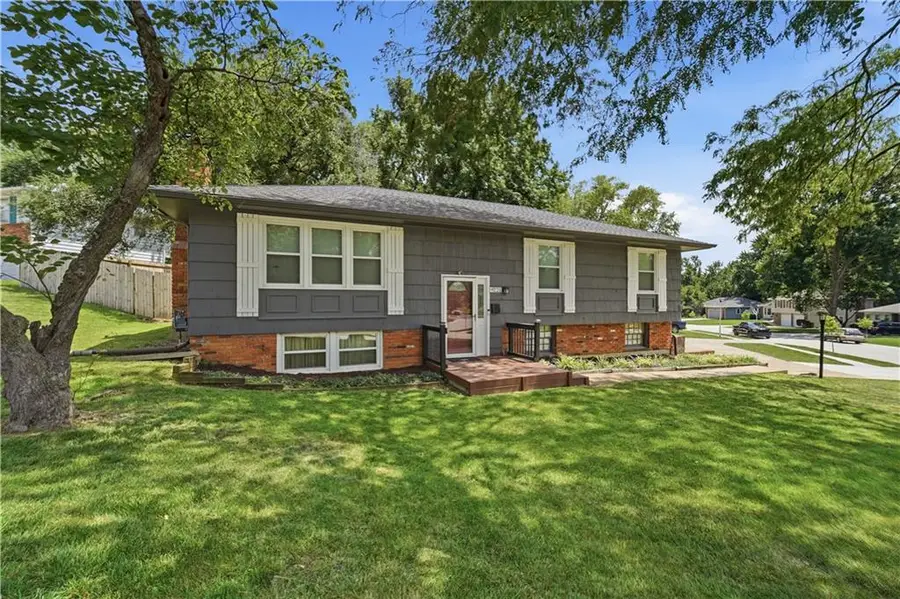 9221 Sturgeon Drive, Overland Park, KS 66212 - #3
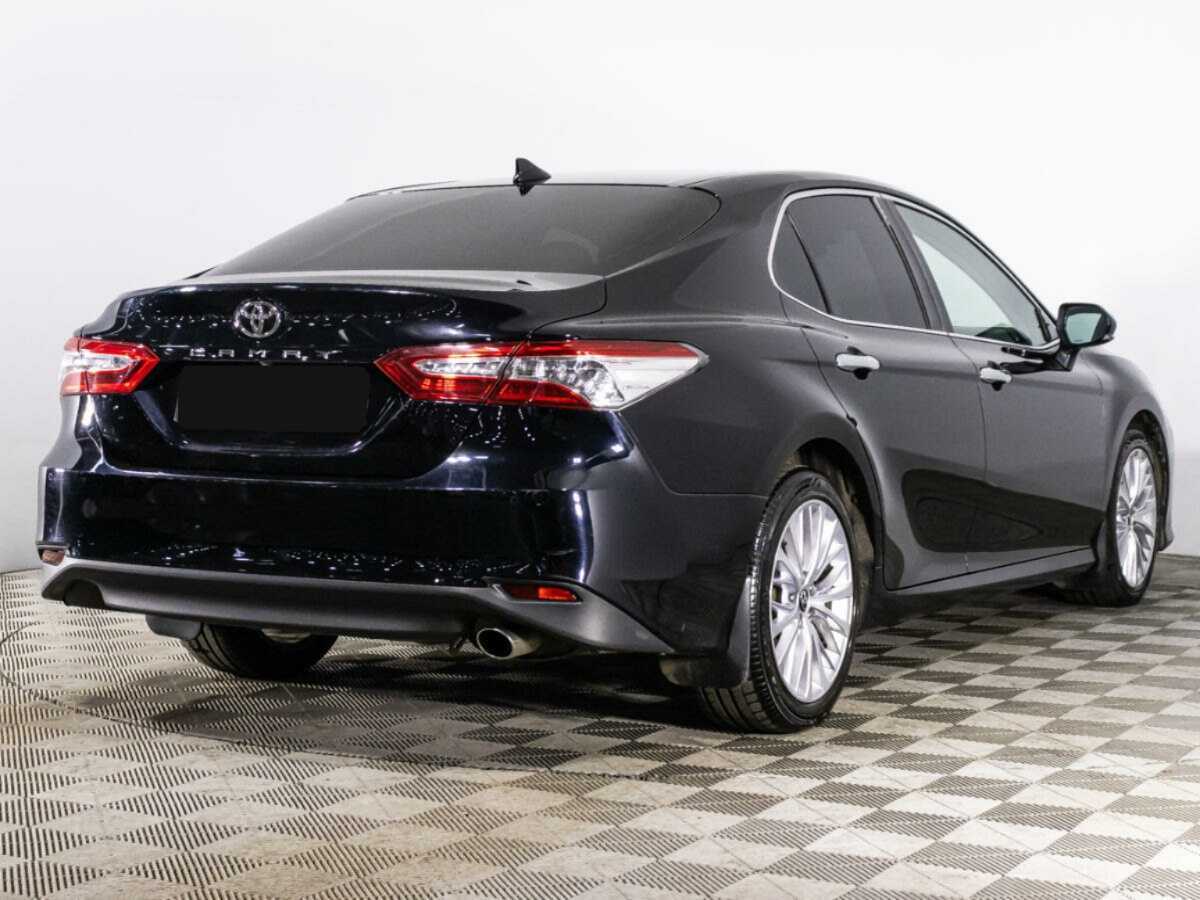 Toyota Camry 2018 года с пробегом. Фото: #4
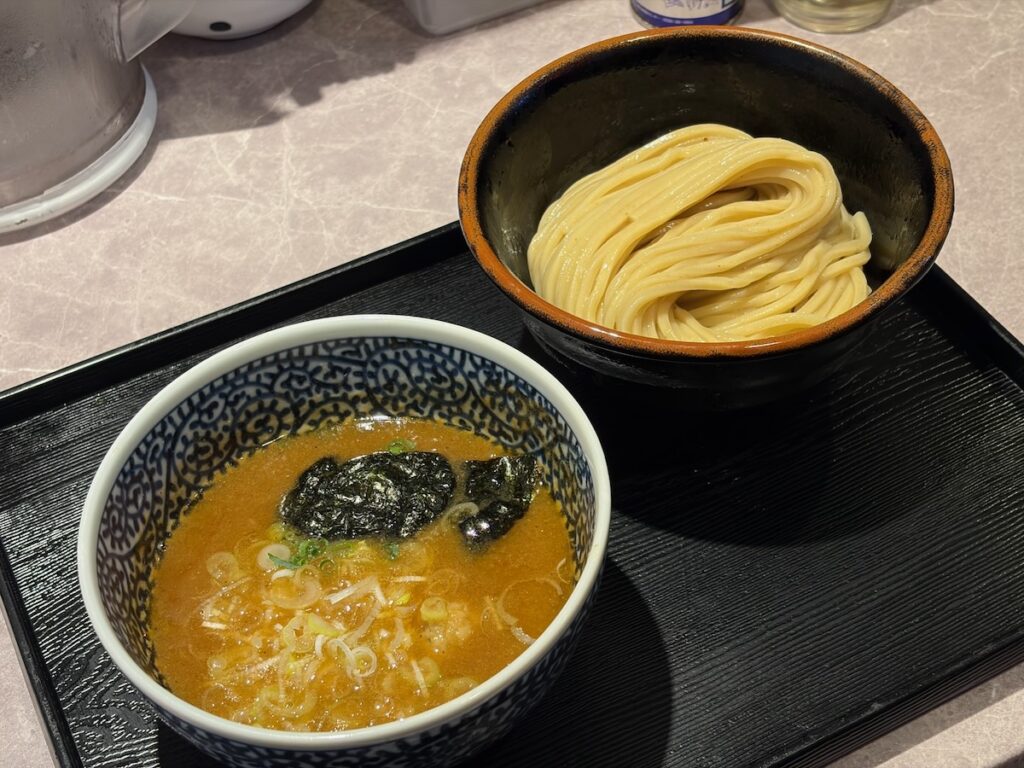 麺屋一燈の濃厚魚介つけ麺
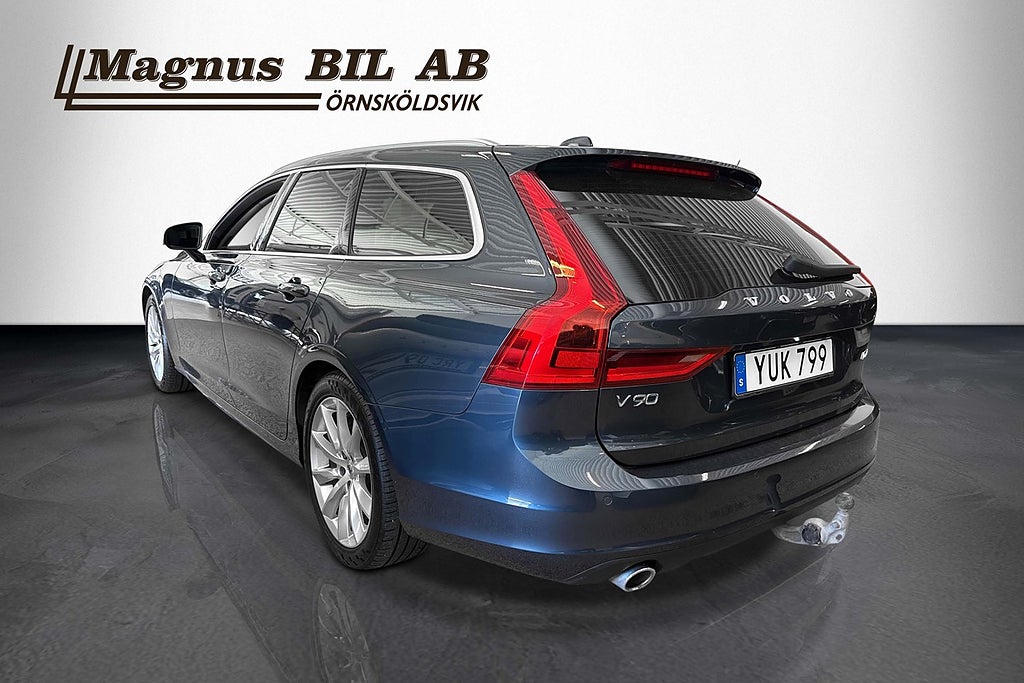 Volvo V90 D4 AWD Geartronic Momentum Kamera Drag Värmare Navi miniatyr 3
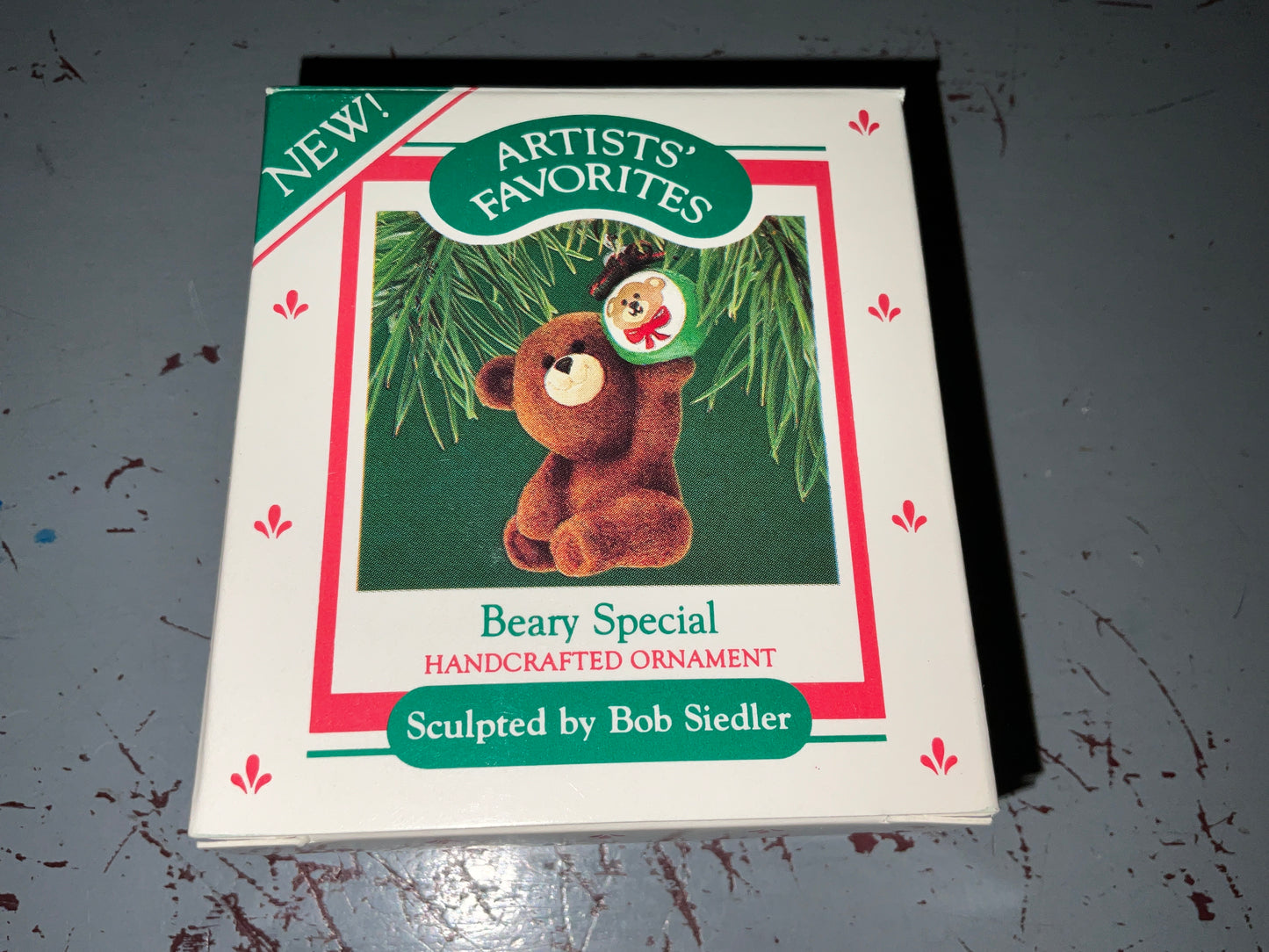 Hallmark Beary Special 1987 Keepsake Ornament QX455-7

##############################

**Exercise:** The answer must be an exact copy of every record above, minus the pictures.

**Output for this exercise:**
 9221 Sturgeon Drive, Overland Park, KS 66212 - #3
 Toyota Camry 2018 года с пробегом. Фото: #4
 麺屋一燈の濃厚魚介つけ麺
 Volvo V90 D4 AWD Geartronic Momentum Kamera Drag Värmare Navi miniatyr 3
 Hallmark Beary Special 1987 Keepsake Ornament QX455-7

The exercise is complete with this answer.